A poor man's guide to kubernetes (and GKE)
This is my attempt to create a guide which would give you the most value with the least complexity and time. It's by no means complete, super strictly correct (I simplify a lot) and there surely may be better guides then this. Here is what I would love if my current-self gave to my past-self when I started with kubernetes.
Kubernetes
Kubernetes is orchestrating your services, which have some specific responsibility. Orchestrate means that it schedules them on some cluster (which is backed by some virtual machines) and monitor them appropriately.
Kubernetes has an API which you can use to control it. The most important parts are the objects it exposes, nicely documented here. The object definition is usually defined by some yaml, e.g. for a service, you would do:
kind: Service # the type of the object
apiVersion: v1
metadata: # the important stuff
name: my-service # how it's gonna be named in your system
spec:
selector:
app: MyApp
ports: # some object specific defs
- protocol: TCP
port: 80
targetPort: 9376
The full API reference is available, but you don't need to go to that detail most of the time (SO works :-) ).
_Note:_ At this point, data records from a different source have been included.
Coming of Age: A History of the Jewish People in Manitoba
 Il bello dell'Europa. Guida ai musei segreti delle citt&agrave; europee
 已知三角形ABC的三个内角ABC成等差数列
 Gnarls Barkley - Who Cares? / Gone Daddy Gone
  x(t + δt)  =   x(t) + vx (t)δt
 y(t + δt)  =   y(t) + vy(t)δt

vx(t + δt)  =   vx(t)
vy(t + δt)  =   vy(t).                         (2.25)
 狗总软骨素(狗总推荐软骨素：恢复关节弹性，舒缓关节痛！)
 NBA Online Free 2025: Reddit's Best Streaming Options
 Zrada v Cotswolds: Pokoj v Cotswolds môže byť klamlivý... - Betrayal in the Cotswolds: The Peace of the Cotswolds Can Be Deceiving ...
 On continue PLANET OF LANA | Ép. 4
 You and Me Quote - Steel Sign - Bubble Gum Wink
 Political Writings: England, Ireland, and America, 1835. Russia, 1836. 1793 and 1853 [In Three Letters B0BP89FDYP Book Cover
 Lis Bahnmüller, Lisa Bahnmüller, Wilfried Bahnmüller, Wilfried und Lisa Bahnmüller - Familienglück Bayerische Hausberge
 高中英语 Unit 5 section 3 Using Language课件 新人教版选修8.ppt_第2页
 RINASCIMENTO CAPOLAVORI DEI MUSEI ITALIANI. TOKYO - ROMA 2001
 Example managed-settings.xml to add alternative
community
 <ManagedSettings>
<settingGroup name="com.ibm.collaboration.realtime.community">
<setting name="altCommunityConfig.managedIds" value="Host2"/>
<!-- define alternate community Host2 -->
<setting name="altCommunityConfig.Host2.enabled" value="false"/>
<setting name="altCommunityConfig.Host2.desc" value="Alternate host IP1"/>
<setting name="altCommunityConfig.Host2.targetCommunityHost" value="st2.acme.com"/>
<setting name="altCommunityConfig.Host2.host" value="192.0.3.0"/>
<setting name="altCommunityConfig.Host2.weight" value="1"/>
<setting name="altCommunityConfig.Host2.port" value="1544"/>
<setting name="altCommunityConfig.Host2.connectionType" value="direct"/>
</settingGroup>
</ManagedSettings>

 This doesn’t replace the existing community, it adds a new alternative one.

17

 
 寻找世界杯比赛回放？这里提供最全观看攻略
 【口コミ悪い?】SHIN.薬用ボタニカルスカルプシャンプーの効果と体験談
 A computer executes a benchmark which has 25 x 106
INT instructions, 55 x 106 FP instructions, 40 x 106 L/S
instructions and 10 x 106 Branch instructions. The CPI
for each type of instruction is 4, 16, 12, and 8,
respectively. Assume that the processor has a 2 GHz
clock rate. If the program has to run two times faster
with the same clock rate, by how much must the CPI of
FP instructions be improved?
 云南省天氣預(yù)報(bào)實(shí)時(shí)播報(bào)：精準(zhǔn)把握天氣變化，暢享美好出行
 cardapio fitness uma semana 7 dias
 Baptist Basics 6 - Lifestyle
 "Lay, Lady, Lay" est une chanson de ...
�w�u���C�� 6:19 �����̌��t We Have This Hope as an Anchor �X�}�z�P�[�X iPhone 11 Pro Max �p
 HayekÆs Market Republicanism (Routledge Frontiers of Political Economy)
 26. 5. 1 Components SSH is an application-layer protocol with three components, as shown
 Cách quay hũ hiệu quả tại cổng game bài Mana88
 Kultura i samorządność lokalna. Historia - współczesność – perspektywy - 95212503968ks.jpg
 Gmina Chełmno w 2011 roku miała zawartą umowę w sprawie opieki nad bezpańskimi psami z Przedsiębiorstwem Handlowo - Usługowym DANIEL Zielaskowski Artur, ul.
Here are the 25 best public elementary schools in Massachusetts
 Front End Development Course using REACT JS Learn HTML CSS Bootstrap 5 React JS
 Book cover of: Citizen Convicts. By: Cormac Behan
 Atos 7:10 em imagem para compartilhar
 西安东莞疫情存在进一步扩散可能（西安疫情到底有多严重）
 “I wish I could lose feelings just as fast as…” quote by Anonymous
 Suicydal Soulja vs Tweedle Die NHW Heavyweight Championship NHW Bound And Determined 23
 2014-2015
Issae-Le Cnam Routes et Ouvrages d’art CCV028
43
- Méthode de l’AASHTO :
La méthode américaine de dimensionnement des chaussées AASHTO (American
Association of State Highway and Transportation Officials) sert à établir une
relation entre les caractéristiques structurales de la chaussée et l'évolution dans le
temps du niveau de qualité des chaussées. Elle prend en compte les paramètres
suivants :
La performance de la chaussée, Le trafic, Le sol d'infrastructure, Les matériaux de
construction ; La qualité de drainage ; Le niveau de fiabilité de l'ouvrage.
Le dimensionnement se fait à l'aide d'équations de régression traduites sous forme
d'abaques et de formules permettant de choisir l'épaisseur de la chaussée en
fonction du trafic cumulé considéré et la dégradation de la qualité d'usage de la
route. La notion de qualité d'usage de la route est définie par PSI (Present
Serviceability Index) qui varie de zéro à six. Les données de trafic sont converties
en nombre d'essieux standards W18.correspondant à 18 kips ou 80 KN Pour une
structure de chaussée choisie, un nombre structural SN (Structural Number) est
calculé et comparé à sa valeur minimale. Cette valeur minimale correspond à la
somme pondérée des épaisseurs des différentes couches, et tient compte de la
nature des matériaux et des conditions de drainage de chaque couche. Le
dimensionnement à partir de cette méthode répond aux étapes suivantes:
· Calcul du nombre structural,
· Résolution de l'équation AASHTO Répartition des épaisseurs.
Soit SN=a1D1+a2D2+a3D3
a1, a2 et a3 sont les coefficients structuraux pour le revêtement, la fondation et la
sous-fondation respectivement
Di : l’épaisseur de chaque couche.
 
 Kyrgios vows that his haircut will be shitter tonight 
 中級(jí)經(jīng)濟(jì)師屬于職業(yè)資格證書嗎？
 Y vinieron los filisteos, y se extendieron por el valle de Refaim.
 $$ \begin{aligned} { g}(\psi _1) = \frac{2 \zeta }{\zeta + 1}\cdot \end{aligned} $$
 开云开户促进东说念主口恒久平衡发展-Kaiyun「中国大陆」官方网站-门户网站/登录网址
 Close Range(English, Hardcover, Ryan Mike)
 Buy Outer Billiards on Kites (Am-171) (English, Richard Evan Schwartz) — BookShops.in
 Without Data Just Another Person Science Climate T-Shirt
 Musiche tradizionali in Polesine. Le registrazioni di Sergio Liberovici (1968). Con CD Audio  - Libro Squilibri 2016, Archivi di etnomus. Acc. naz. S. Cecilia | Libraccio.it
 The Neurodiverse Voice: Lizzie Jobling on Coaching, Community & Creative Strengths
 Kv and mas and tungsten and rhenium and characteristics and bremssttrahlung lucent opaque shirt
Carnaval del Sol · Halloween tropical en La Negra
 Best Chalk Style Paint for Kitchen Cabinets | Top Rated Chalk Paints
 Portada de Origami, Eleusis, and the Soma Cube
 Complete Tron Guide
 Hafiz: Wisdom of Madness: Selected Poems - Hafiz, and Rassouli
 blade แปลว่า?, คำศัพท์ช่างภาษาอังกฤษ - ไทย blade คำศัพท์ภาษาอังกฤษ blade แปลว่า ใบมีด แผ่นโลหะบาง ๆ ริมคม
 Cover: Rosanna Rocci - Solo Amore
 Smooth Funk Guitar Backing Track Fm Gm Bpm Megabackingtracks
If we really simplify things, you need to know the following:
- pod: a single container (or multiple highly-dependent containers), you don't usually define this explictely, but this is ultimately what's doing the job. This is where containers are being ran, what consumes resources such as CPU or mem.
- deployment: an abstraction on top of pods, it usually contains some subdefinition of pods in it, this is what you usually define as the core of your app. It doesn't "run" on it's own, it rather "orchestrates" pods
- service: this is "the networking thing" for your pods, there are three types, clusterIP, NodePort and loadBalancer. The two are mostly for the internal communication why the last one is usually for external communication (again, hugely simplified).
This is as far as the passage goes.